At this point some would say there is no way out while we stick with capitalism, a system that valorises growth based on resource exploitation. But Stoknes believes capitalism is redeemable. Like Dasgupta, he wants us to change our focus from labour productivity to resource productivity. This, he writes, is the necessary “paradigm shift toward a better version of capitalism.”
The term “paradigm shift” has been grossly overused in recent times: the philosopher Thomas Kuhn would turn in his grave if he knew how it has been misunderstood. But Stoknes is indeed calling for a fundamental change in the way we think about economics, and that is because we have still not integrated natural resources into our economic models. He sees the transition to an economy based on resource productivity as yet another wave of innovation — a Kondratieff wave “riding on top of digitalisation” — that is qualitatively different from simply applying digital technologies to existing business models.
His focus is on meeting greenhouse gas targets. Indeed, a shortcoming in his work is that he doesn’t give much attention to difficult trade-offs within resource use. Sometimes, for instance, the green benefits of hydro power will have to be traded off against the green benefits of farmers and fishers engaged in sustainable food production. Elsewhere, we need to take account of the stress imposed on the environment by mining lithium for batteries for electric vehicles.
This kind of trade-off is complex unless some common metric can be found.
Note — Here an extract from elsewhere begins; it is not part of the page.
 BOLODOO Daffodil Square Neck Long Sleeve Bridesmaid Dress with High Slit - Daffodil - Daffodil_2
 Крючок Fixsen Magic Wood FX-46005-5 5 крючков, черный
While some environmental costs and benefits can be translated into monetary terms, analytical methods such as contingent valuation and discounting are based on arbitrary assumptions about people’s trade-offs across time. But Stoknes gives plenty of examples of where resource-productivity considerations have brought extraordinary results, in projects ranging from breweries to buildings.
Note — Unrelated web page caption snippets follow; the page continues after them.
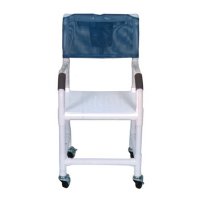 Show product details for PVC Shower Chair 22", 3"x1-1/4" Heavy Duty Casters, Flatstock Seat w/Drain Holes
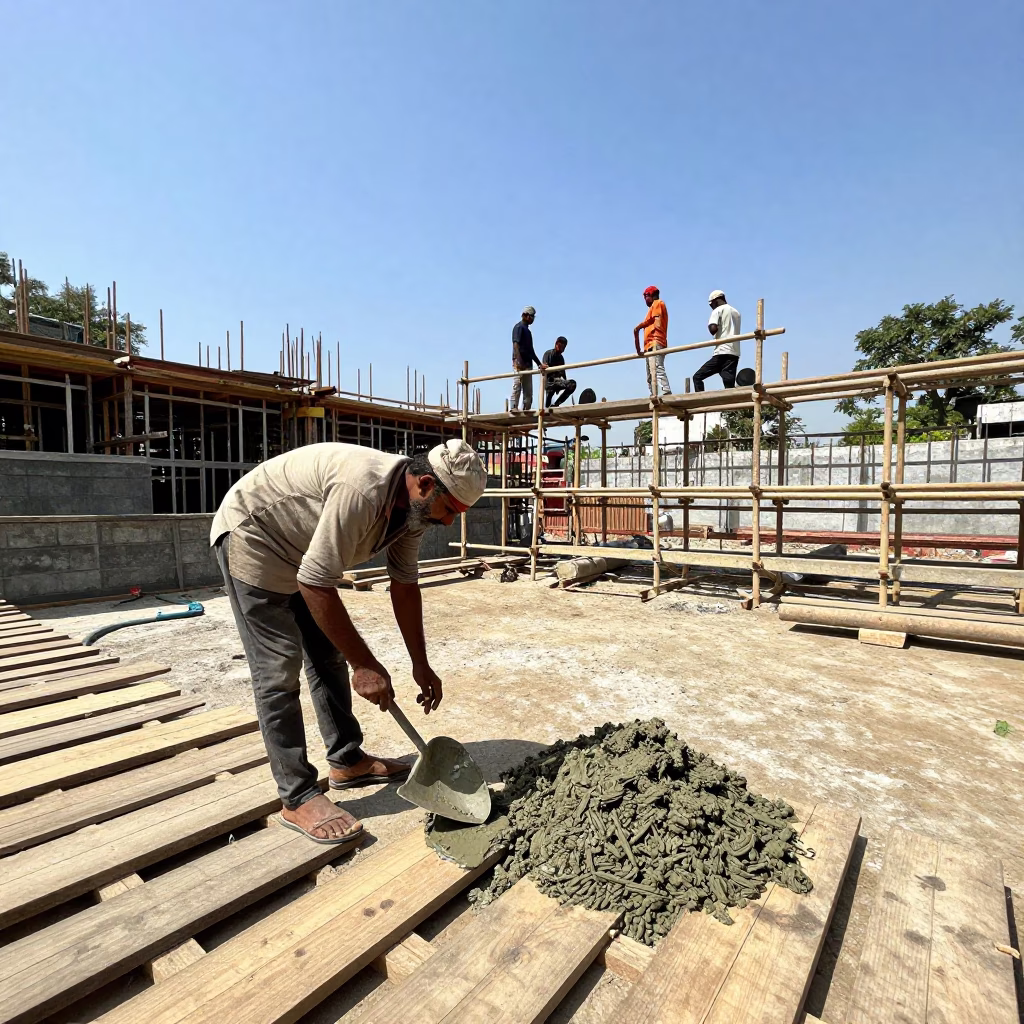 Construction Workers in Delhi at The Flat Glare Of Noon Light in in Delhi, India
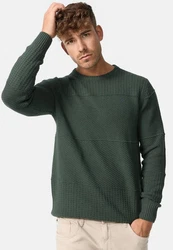 Indicode Herren Injustice Pullover mit Rundhals-Ausschnitt Dunkelgrün/Grün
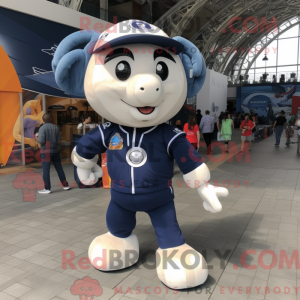 Navy Soccer Ball maskot...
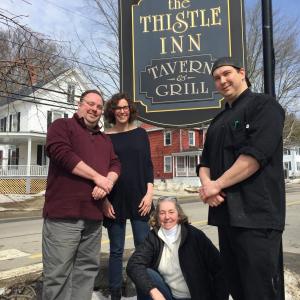 Outside The Thistle Inn in Boothbay Harbor are, from left, owner Max Ross, pastry chef Alex Tallen, dining room manager Mary Lou Koskela and executive chef Nick Krunkkala. SUZI THAYER/Boothbay Register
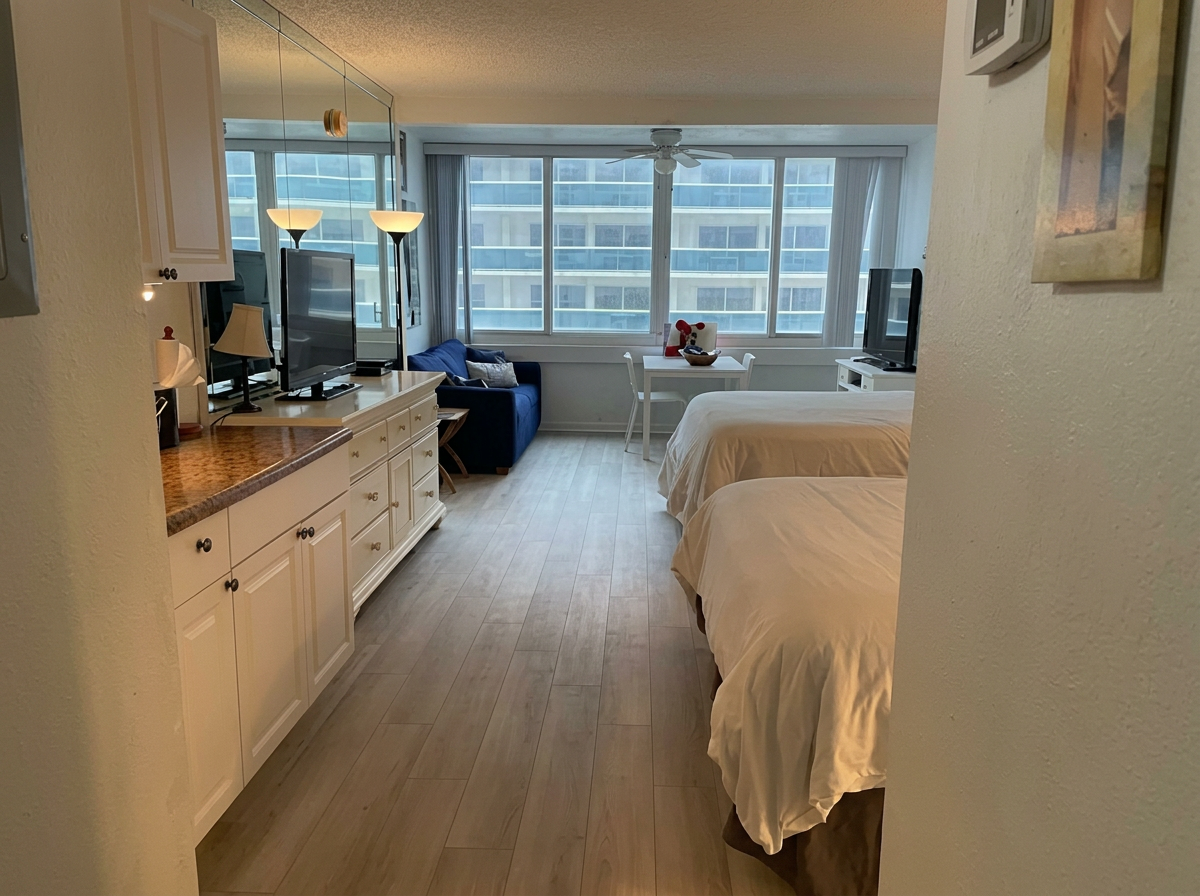 Oceanfront condo suite with light wood floors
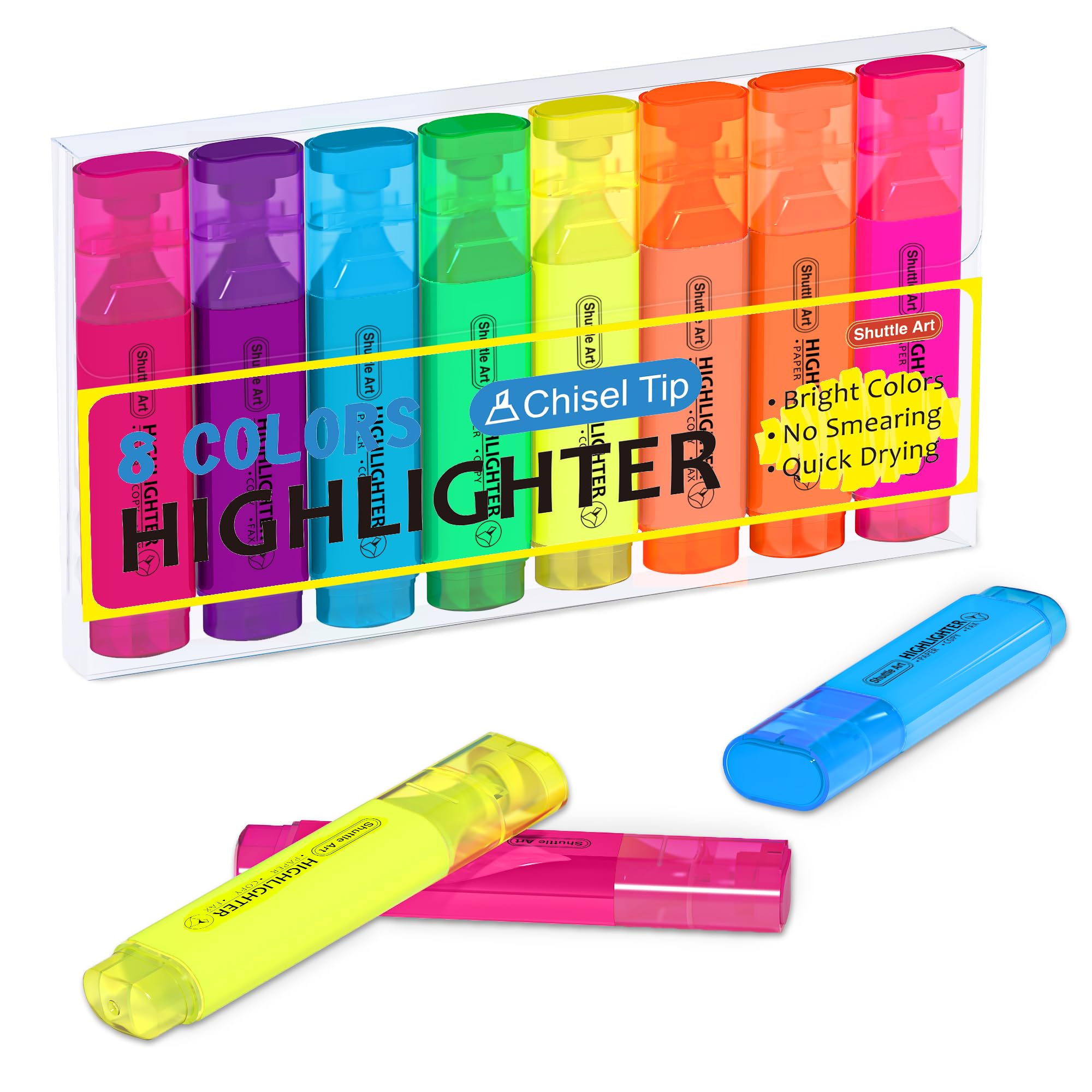 Shuttle Art Highlighters, 8 Assorted Colors Highlighter Pens, Chisel Tip Dry-Quickly Non-Toxic Highlighter Markers For Adults Ki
One firm he mentions, a carpet manufacturer, managed to achieve more than 100 per cent resource productivity (at least as far as CO2 is concerned) by sequestering more carbon than it uses in its supply chain. “Why aim for just zero emissions,” he asks, “when we could aim for a climate-positive impact instead?”
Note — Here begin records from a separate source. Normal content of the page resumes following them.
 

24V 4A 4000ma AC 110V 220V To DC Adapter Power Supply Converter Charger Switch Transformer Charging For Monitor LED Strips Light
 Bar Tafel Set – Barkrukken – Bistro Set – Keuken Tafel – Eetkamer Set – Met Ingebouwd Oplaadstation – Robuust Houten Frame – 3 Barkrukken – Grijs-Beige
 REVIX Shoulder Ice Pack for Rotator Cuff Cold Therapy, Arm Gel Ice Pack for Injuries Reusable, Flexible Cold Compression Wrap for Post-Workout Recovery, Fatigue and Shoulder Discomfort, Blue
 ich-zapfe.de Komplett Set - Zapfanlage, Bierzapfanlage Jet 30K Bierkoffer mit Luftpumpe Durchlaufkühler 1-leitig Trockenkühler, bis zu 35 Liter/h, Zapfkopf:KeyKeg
Stoknes goes further than most of its advocates in recognising that green growth is not necessarily equitable growth. Widening inequality in income and wealth is already fuelling resistance to structural adjustment; and unless it is handled well it can indeed worsen inequality. So he develops another two-by-two matrix with growth–de-growth on one axis and fairness–unfairness on another axis, and even a three-dimensional two-by-two chart bringing in his green–grey dimension.
His approach to growth is in favour of what economists would call a Pareto improvement: for green growth to be politically acceptable there must be no losers. To avoid anyone going backwards in absolute terms, income must be redistributed within a growing pie.
Stoknes’s 3D model deals with each of the dimensions. In tackling climate change, the green dimension will be achieved by fundamental changes in energy production and in food production and distribution. Growth will come about through new governance and economic models in “developing” countries, and equity will be achieved through Pareto redistributions and investment in education, gender equality and health. These ideas about equitable growth align closely with the work of scholars including Thomas Piketty and Robert Putnam.
Although Stoknes wants innovation to be supported by appropriate pricing — the case for a carbon price is such a no-brainer that he hardly mentions it — he also calls for a strong role for government. The private sector can’t do it on its own: “Just imagine what might happen if the broad majority viewed government as being more entrepreneurial than bureaucratic, more stimulating than stifling, and more guardian of your personal freedom and safety rather than overreaching invader.”
In his optimism and practicality his views could hardly be further from those of Australia’s federal government, immobilised by its inability to think beyond the economy–environment dichotomy.